25 November 2015
SECTION27 has been engaging with the Department of Basic Education (DBE) about the ongoing textbooks crisis in Limpopo since early 2012. There have been four high court orders saying that the state’s failure to give learners their full complement of textbooks is a violation of their right to education. Tuesday was the fifth time this matter has been in court.
This time an appeal was brought by the DBE, the Limpopo Department of Education and other state entities against the judgment handed down in favour of Basic Education for All (BEFA) and others last year.
The 2014 judgment required full delivery of textbooks to all schools in Limpopo – one textbook per subject for each learner. The state said that this order expected “an impossible standard of perfection” to which it should not be held.
Justice Mahomed Navsa said that he “has difficulty with the stance adopted by government” in the appeal and that it “befuddles” him that the State is appealing the matter at all.
The State argued that the right to education, though unqualified, is still a socioeconomic right and needs to be considered within the socioeconomic rights context. This would make the right progressively realisable within the state’s available resources and over time according to a reasonable plan for fulfilment of the right.
But asking for a standard of progressive realisation contradicts all of the precedent and jurisprudence on the right to a basic education. BEFA’s senior counsel, Advocate Wim Trengove, said the state must fulfil the right immediately for every individual in South Africa.
One should bear in mind what the deliverables are in this case. They are textbooks that have been prescribed as part of a curriculum devised by the Department of Basic Education that was implemented in 2012. They are designed to be used by one person, to assist learning and teaching in the classroom and to be taken home for study. They are designed to compensate for teachers’ insufficient knowledge of the curriculum.
The schools need to place orders with the provincial department towards the end of the previous school year and the department needs to ensure that they are delivered in time for the beginning of the teaching of the curriculum. In planning for delivery, the department needs to keep in mind that learners may lose books, despite a five-year retention policy. It needs to keep in mind that learners sometimes move before the new school year, and there needs to be some flexibility to account for the migration of learners. The variables are relatively predictable and most are controllable. This is not a complicated matter. It has been achieved in other provinces in South Africa and other countries in the SADC region, like Swaziland. This is straightforward service delivery, and getting it right has a massive affect on learning outcomes.
It is also in line with a number of the DBE’s own policies. For example, the “Action Plan to 2014”, which was published in the government gazette in 2012, requires the departments of education to “Ensure that every learner has access to the minimum set of textbooks and workbooks required according to national policy.” This is echoed throughout the DBE’s management plans.
What is being asked of government is not, as it argue, “a standard of perfection”. Rather, that it properly plans and budgets for its own policies.
Once the state has decided on the content of the right, it needs to deliver on that content, and it needs to deliver equally.
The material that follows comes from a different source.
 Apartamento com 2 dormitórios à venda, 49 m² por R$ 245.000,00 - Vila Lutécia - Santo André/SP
The failure to do so results in massive inequality that inevitably affects the poorest learners, almost exclusively black, like those in rural Limpopo.
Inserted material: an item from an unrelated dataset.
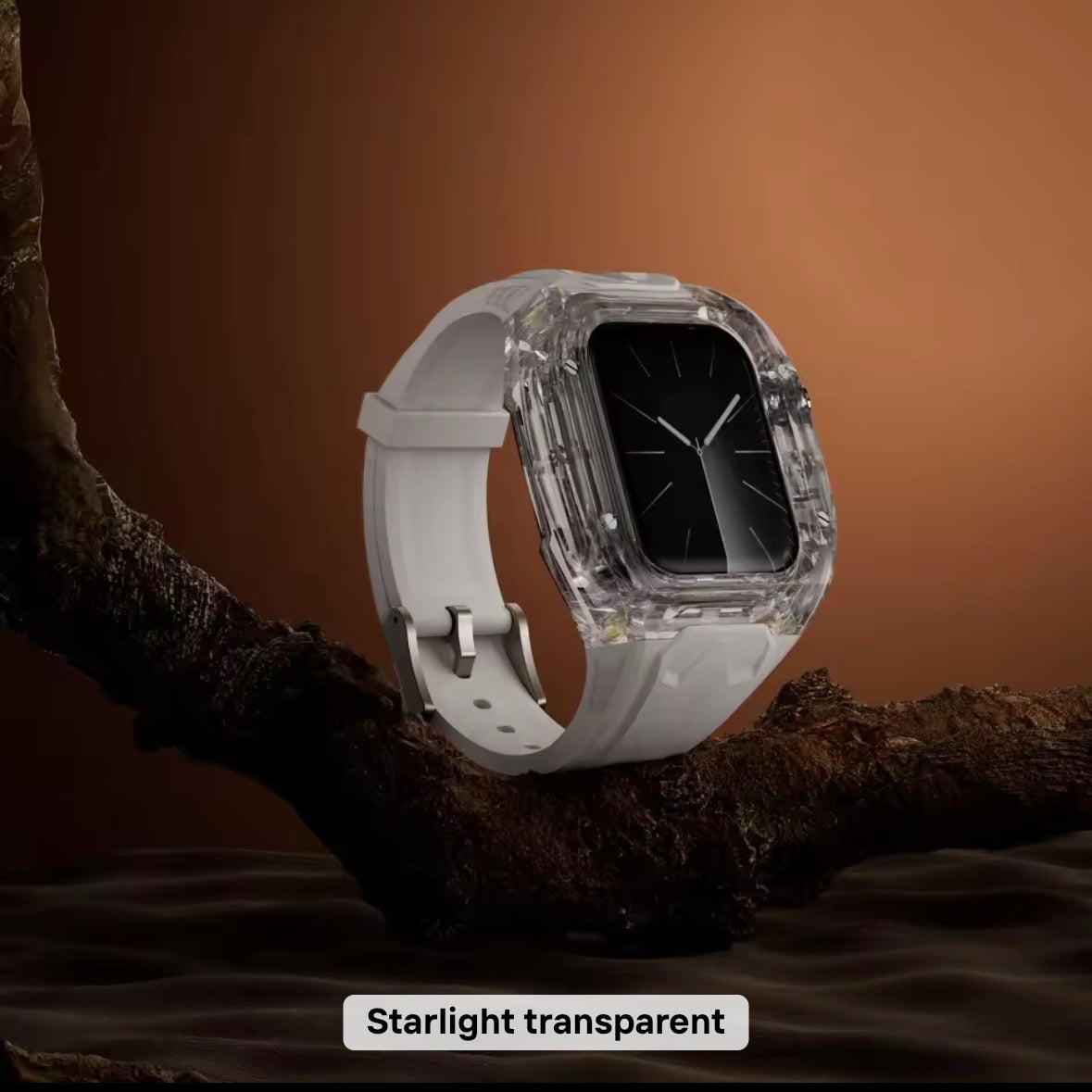 TimeGuard Pro Apple Watch Strap & Case Set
Justice Carole Lewis said the right to a basic education is an individual right and even if 98,5% of learners have textbooks, the rights of the remaining 1,5% are still violated.
The learners who are most affected are learners who can’t afford to buy their own books and who can’t afford transport to travel to other learners that could share books with them. These are the learners who are most likely to go to schools where the shoddy infrastructure makes the learning environment uncomfortable and, often, unsafe.
As with other services unequally distributed by the state, what happens where textbooks are delivered to some and not others is that the poorest children become further marginalized and less able to progress in life with the dignity to which they are entitled. This has the added effect of condemning entire families, most of whom depend on the upward mobility of their children, to not achieving the revolutionary aspiration of a better life for all.
The state admitted at the appeal hearing that in the case of delivery to learners in Limpopo in 2014, its failure to deliver was not because of budgetary constraints. It also admitted that “every child should have a textbook”.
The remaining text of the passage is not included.